═════ DATA UNDER STUDY

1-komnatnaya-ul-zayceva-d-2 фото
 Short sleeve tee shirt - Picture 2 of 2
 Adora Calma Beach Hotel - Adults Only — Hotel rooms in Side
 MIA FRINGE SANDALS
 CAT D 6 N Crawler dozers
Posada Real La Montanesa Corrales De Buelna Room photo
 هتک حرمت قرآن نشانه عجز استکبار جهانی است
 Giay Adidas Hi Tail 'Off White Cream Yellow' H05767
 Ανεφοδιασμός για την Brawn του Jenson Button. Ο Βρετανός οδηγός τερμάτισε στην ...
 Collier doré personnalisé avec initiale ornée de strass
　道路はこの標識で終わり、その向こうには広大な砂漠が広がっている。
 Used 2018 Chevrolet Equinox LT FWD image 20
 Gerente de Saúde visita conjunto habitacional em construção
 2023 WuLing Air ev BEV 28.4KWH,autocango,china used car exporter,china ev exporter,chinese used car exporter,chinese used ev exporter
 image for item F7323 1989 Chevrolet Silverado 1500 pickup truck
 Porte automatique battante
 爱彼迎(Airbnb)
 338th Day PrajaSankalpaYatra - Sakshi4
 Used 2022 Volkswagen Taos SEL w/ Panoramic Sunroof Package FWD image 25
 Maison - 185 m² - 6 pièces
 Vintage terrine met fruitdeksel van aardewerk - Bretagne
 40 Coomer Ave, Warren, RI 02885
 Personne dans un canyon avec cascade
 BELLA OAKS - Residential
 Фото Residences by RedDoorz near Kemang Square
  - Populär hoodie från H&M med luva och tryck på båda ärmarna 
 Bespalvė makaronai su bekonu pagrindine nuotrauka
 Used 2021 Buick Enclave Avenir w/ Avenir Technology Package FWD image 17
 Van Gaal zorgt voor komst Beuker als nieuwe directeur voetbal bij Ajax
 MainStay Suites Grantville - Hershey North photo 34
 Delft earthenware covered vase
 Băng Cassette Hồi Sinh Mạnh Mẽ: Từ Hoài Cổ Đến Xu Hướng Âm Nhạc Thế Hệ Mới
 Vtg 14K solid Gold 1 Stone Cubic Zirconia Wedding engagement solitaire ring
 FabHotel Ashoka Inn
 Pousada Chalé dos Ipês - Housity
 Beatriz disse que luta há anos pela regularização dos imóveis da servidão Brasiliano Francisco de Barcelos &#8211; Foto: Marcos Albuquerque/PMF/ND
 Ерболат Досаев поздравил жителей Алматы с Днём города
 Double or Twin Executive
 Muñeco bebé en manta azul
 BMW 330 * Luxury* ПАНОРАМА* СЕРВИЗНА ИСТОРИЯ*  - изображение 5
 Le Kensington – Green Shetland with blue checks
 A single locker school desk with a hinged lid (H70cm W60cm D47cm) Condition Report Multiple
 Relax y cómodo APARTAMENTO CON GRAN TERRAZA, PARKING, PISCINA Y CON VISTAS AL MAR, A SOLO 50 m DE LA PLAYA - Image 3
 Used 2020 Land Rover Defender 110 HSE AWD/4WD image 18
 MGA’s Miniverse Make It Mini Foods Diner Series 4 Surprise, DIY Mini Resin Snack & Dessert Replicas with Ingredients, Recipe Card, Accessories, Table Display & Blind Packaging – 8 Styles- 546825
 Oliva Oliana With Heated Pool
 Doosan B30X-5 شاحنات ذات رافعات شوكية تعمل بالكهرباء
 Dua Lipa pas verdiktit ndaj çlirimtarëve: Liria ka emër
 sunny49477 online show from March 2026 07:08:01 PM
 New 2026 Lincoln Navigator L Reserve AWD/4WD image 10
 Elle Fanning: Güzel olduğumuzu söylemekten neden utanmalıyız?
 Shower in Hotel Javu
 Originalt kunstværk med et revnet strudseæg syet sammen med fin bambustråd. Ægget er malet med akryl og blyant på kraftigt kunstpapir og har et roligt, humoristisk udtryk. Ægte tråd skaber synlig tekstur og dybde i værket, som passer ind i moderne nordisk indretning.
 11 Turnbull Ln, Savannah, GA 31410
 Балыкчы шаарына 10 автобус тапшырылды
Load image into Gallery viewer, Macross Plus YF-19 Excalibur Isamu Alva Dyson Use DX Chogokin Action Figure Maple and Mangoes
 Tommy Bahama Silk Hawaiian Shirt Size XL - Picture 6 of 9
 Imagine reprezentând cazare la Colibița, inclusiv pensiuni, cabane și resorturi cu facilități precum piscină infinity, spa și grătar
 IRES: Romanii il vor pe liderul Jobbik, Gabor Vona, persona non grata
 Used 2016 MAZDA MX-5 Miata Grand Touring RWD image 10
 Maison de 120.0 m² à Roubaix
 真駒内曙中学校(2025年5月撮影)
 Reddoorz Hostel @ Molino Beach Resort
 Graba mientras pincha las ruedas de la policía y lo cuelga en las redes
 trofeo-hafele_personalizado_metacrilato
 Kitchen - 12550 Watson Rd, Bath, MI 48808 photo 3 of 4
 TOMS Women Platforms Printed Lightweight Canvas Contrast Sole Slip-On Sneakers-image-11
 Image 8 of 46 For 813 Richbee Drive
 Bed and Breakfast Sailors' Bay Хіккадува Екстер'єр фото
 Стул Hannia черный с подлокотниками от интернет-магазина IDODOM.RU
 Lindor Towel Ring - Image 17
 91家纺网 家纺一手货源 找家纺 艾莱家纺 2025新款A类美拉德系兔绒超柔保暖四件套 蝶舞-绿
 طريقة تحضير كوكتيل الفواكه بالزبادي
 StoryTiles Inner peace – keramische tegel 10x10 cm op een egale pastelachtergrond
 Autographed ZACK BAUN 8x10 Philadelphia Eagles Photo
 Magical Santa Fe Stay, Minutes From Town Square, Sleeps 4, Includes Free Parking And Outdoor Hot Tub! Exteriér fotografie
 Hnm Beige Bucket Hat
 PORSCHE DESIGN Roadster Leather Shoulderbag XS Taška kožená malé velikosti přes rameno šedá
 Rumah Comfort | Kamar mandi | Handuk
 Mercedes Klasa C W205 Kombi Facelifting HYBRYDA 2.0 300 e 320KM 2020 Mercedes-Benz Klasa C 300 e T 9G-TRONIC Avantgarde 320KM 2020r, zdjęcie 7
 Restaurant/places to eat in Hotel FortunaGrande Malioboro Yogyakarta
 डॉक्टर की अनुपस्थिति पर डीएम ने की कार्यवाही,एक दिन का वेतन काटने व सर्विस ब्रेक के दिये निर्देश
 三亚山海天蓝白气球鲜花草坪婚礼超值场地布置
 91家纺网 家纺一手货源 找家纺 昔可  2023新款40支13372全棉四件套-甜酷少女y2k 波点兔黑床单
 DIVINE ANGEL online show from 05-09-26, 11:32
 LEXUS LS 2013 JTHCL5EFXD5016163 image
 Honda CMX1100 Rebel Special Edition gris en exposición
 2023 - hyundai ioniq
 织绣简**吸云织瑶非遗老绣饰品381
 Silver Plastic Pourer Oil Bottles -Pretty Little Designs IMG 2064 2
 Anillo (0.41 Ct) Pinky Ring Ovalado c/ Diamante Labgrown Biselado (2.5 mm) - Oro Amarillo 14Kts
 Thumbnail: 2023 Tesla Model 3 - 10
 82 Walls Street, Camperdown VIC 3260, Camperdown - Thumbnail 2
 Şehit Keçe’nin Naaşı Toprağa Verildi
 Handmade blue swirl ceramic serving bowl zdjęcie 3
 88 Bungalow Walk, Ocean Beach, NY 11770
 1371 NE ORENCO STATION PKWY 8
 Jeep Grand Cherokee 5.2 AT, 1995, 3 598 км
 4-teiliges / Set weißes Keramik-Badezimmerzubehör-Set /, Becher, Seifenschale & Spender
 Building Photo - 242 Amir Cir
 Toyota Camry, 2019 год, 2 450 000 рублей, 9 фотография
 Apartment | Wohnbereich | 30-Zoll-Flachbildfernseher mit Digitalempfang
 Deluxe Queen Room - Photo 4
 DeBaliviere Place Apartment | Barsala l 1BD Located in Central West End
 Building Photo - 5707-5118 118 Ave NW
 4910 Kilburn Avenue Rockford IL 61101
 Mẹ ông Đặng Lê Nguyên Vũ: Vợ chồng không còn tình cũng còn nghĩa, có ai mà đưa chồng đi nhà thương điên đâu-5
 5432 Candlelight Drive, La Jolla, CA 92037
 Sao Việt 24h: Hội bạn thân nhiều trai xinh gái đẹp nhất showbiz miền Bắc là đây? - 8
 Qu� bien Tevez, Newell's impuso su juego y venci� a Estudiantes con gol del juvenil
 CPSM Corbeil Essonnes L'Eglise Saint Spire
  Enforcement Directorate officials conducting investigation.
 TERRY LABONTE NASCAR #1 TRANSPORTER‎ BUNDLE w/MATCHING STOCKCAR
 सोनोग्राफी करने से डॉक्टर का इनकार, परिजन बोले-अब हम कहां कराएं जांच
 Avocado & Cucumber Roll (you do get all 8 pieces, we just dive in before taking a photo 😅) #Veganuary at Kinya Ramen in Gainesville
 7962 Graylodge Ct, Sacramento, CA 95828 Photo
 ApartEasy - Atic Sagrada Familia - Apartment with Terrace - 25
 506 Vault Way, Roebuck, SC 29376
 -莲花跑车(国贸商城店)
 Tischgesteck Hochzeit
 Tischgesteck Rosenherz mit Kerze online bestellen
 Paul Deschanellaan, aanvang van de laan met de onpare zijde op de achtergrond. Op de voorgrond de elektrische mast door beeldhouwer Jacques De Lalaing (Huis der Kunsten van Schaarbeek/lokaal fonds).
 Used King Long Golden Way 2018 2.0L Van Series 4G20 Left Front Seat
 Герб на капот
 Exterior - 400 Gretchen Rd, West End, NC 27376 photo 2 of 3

══════════

§ **PROBLEM REQUIREMENTS**
Would you restate, word for word, every line of the listing from its first line through the line with "Gerente de Saúde"?

§ **SOLUTION TO THIS EXERCISE**
1-komnatnaya-ul-zayceva-d-2 фото
 Short sleeve tee shirt - Picture 2 of 2
 Adora Calma Beach Hotel - Adults Only — Hotel rooms in Side
 MIA FRINGE SANDALS
 CAT D 6 N Crawler dozers
Posada Real La Montanesa Corrales De Buelna Room photo
 هتک حرمت قرآن نشانه عجز استکبار جهانی است
 Giay Adidas Hi Tail 'Off White Cream Yellow' H05767
 Ανεφοδιασμός για την Brawn του Jenson Button. Ο Βρετανός οδηγός τερμάτισε στην ...
 Collier doré personnalisé avec initiale ornée de strass
　道路はこの標識で終わり、その向こうには広大な砂漠が広がっている。
 Used 2018 Chevrolet Equinox LT FWD image 20
 Gerente de Saúde visita conjunto habitacional em construção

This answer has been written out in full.